En effet, en 2007, l’auteur alors éducateur de rue dans une petite ville de province découvre à la une d’un journal local le titre suivant "un crime barbare totalement gratuit". En parcourant l’article qui décrit la scène du meurtre et les deux coauteurs présumés, il se surprend à penser immédiatement à l’un des jeunes qu’il suit, intuition qui se révèlera juste. Passée la sidération, il décide de suivre le procès, auquel il sera d’ailleurs appelé à témoigner. Lors de ce procès, le principal accusé se voit souvent assimilé à la figure du "monstre", dénué d’humanité. Or, pour l’auteur, qui a côtoyé ce jeune homme, sa sensibilité et son humanité ne font aucun doute.
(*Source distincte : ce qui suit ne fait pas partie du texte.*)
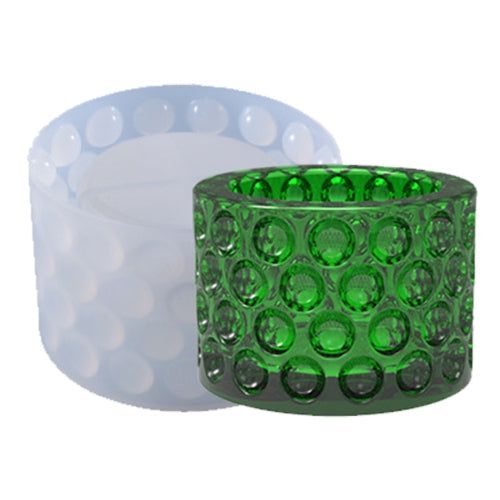 Crafteria CANDLE T-LIGHT HOLDER MOULD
La question est alors de savoir comment il a pu en arriver à commettre un acte aussi monstrueux ? Ce sera le point de départ de son enquête de dix ans, l’objet du livre qui vient d’être publié aux éditions de la Découverte. L’auteur a voulu comprendre le passage à l’acte de ce jeune criminel en analysant son parcours de vie.
Et il faut bien dire que le livre est particulièrement intéressant. Il débute par un premier chapitre qui nous raconte le procès en cours d’assise au travers d’analyses psychiatriques et psychologiques faites sur l’accusé et ensuite des différentes plaidoiries. Le verdict tombe, perpétuité avec peine de sûreté de vingt ans. Pour autant, pas de véritable mobile, les experts ont considéré qu’il y avait chez l’accusé un potentiel morbide, un instinct criminel qui aurait pu permettre de prédire ce crime. L’objectif de l’auteur du livre va être alors de confronter cette hypothèse d’explication du crime au terrain.
L’auteur nous raconte alors sa rencontre avec la famille de l’accusé quand il fut en charge de s’en occuper, qui vivait dans un quartier sensible puis de sa rencontre avec l’accusé. Il nous raconte ses petits boulots, fait de chine et d’emplois saisonniers, entrecoupé de périodes de chômage. Il est proche de la communauté gitane, expert en débrouillardise et n’hésite pas à s’orienter vers l’économie illégale pour gagner de l’argent.
Pour les services sociaux, lui et sa famille sont des "Cas soc’", perçus comme inadaptés par la majorité des institutions d’aides sociales.
Son parcours de vie est ensuite ausculté, fait de violences familiales, de tentative de suicide, de scolarisation compliquée aboutissant rapidement à un décrochage scolaire et de difficultés d’insertion dans le monde professionnel. Son parcours s’apparente vite au parcours du combattant, il devient SDF, se marginalise et tombe vite dans la violence, jusqu’à l’irréparable.
La fin du livre est consacrée à ses visites en prison avant le procès, aux tensions qui ont touché son quartier avant et pendant le procès et au témoignage de l’auteur du livre pendant le procès.
Ce livre d’enquête, qui se lit comme un roman policier, est au final une superbe immersion au sein d’un quartier populaire français, laissé à l’abandon par nos hommes politiques. Pour lui, ce crime est le résultat de multiples facteurs sociaux, institutionnels et familiaux.